Professors Jesse Shapiro and Justine Hastings will complete a project with two components that provide new tests of "mental accounting," or how households represent money in their financial decision-making. Psychological evidence suggests that households accommodate financial windfalls or additional expenses differently depending on which "mental accounts" they impact. Though most prior evidence on such mental accounting has been based on laboratory studies or hypothetical scenarios, Shapiro and Hastings will draw from unique panel data on seven years of customer purchases from a large grocery retailer in order to glean new insights into mental accounting using a real-world scenario.
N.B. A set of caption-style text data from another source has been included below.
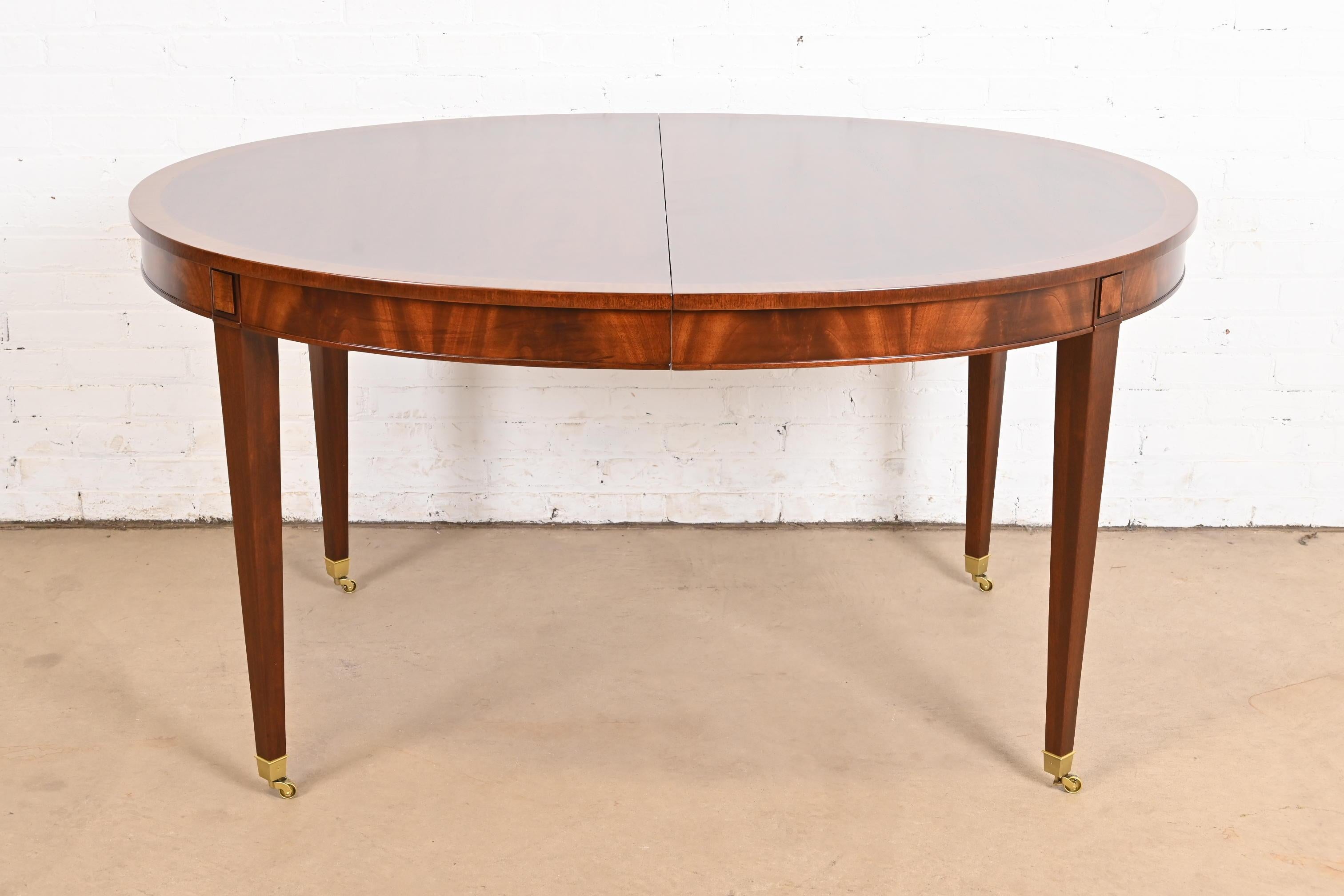 Baker Furniture Style Federal Banded Mahogany Dining Table, Newly Refinished 3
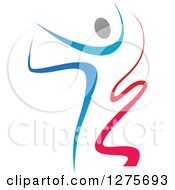 Poster, Art Print Of Gradient Blue And Red Ribbon Dancer In Action Kicking One Leg Up And Behind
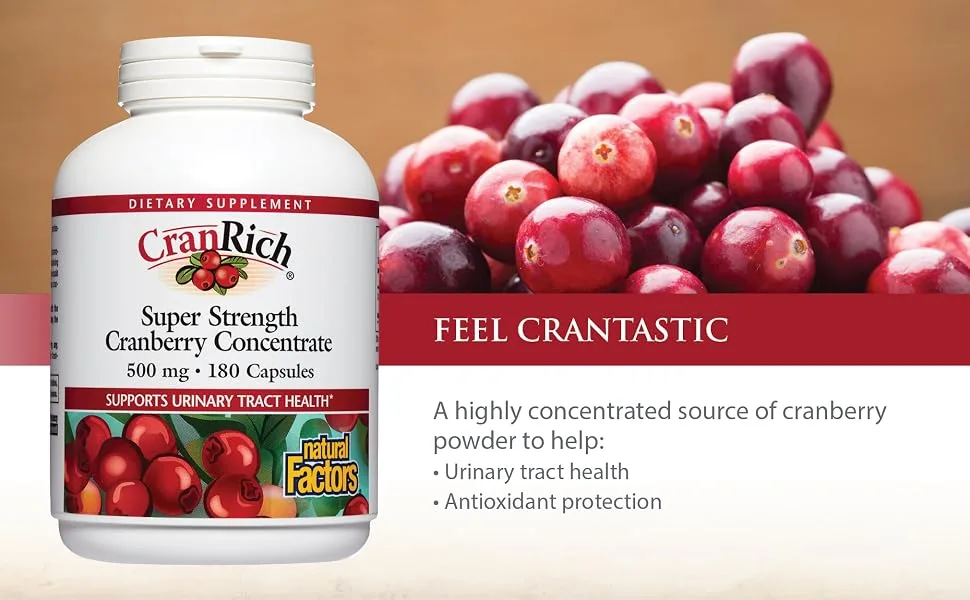 Natural Factors CranRich Super Strength Cranberry Concentrate 500 mg 180 Capsules - A highly concentrated source of cranberry powder to help Urinary tract health Antioxidant protection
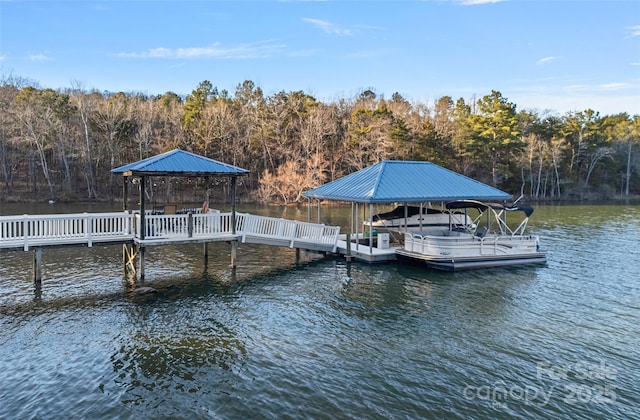 dock area featuring a water view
In the first component of their project, they ask whether households enrolling in the Supplemental Nutrition Assistance Program (SNAP) treat these benefits as distinct from other money. Some of the questions to be examined include whether or not households that begin to receive SNAP are less likely to redeem grocery coupons relative to households that don’t receive SNAP. Are those same households, after SNAP receipt, more likely to buy national-brand products than store-brand? And do households adjust their shopping behavior when they receive non-SNAP income?
In their second study, Shapiro and Hastings will examine the extent to which households target their spending and whether they aim to spend a given amount over time. They will focus on gasoline purchases, examining how discount redemption (for example, households who spend a certain amount on groceries are eligible to save 10 cents per gallon on gas purchases from the retailer) and frequency of fill-ups vary with the price of gasoline. Do households switch fuel grades when prices rise or fall? And when prices rise, do households buy less fuel on each trip and make more trips, or do they continue to buy the same quantity? Are households more likely to redeem discounts on purchases when prices rise, even though the amount of the discount does not change with the price?